Artifact Versioning

Unlike some other blockchain frameworks, Exonum is built with the first-class support of business logic evolution. Service artifacts may evolve during blockchain operation, which is reflected in the fact that a semantic version is a built-in part of the artifact. This article dives into details how versioning should be implemented and how it is used in the framework.

Problem Statement

The problem solved by versioning is as follows. Exonum services have clients, both internal (other services on the same blockchain) and external (e.g., light clients and other software capable of submitting transactions). For a multitude of reasons, the clients may have different idea as to the service capabilities than the reality at hand.

Here's hypothetical manifestations of the problem:

  • The client thinks service with a certain ID is a crypto-token service, but in reality it is a time oracle.
  • The client correctly thinks that a service with a certain ID is a crypto-token service, but is unaware that the format of the transfer transaction has changed.
  • The client (another service) attempts to get the consolidated time from the schema of a time oracle, but in reality it's not a time oracle. (Or it is a newer time oracle with changed schema layout.)

In all these cases, the lack of knowledge on the client side may lead to unpredictable consequences. In the best case, a transaction constructed by such a client will turn out to be garbage from the service perspective, so it will just return a deserialization error. In the worst case, the transaction may be interpreted arbitrarily. The same reasoning is true for the service schema; in the best case, accessing the bogus schema will lead to an error due to the mismatch of expected an actual index types. In the worst case, the indexes will be accessed, but will return garbage data or lead to undefined behavior of the node.

Solution: Semantic Versioning

For any reasonable solution to the problem above to work, Exonum artifacts must be semantically versioned.
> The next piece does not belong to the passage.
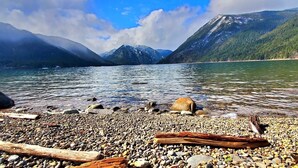 A pebbled beach with clear water, surrounded by mountains.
Indeed, semantic versioning allows to reason about client / service compatibility in terms other than “Any specific version of a service artifact is absolutely incompatible with any other version.”
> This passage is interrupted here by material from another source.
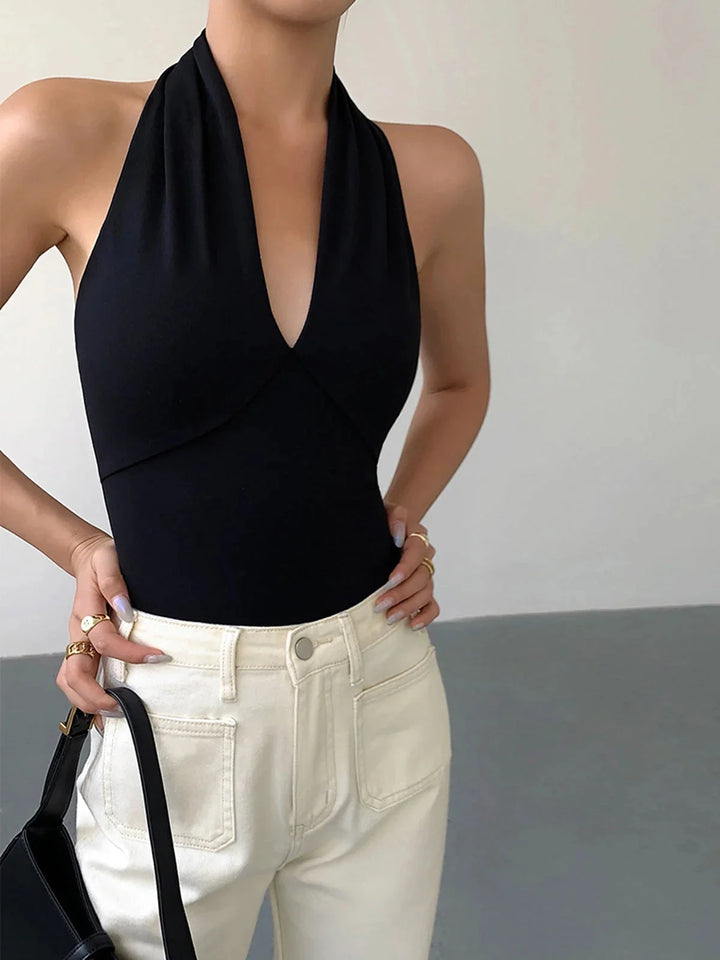 Black halter top with unique crossover design, made from sleek and comfortable material by Rhythm.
Correct versioning is the responsibility of the service developers; the framework does not (and cannot) check versioning automatically.

General Guidelines

The general guidelines to maximize service longevity are:

  • Versioning concerns all public interfaces of the service. As of Exonum 1.0, these interfaces are transactions and the (public part of) service schema.
  • Transaction methods can be evolved much like Protobuf messages (in fact, transaction payloads should be Protobuf messages for this reason). Semantics of a method with the given ID must never change; in particular, the method ID must never be reused.
  • Removing a method or disabling processing for certain payloads should be considered a breaking change (with a possible exclusion of bug fixes).
  • Public service schema should expose the minimum possible number of indexes, since the changes in these indexes will be breaking.

Transaction Versioning

To be able to process transactions, service must have a static mapping between numeric identifier of a transaction and the transaction handler. Logic of transaction processing may include deserializing input parameters from a byte array, processing the input and reporting the execution result (which can be either successful or unsuccessful).

Numeric identifier of a transaction (i.e., method_id within the transaction payload) is considered a constant during all the time of service existence. If a transaction was declared with certain ID, its logic can be updated (e.g., to fix a bug) or be removed, but it never should be replaced with another transaction.

HTTP API

Although HTTP API is runtime-specific interface, the best practices regarding API compatibility still apply:

  • HTTP endpoints may be prefixed with a version, e.g., /v1/wallets
  • Removed endpoints should return 410 Gone error
  • Deprecated endpoints can emit a deprecation warning, e.g., via a specialized header or Warning header
  • Endpoints may employ redirection from an older endpoint to a newer one with a 301 Moved Permanently status

Versioning in Core

Artifact versions are used in the core, in particular, in data migrations. Indeed, a service can only be migrated from one artifact to another if the target artifact is a newer version of the source artifact.

Example

A service with artifact some.Token@0.2.0 can be migrated to artifact some.Token@0.4.1, but not to some.Token@0.1.17 or other.Token@1.1.1.

Versioning for Clients

The client may check the name and version of the artifact for a specific service using builtin APIs provided by the Exonum core. For example, the core maintains a list of deployed artifacts and instantiated services, which can be retrieved from a schema (for services) or system API (for external clients).

For transactions, clients may use the middleware service in order to make checked calls to the service. A checked call is executed only if the targeted service has an expected artifact name and version requirement (for example, some.Token@^1.2.0).

For schemas, Rust code may use safe data access provided by the SnapshotExt and BlockchainData types. This access checks artifact name / version requirement under the hood.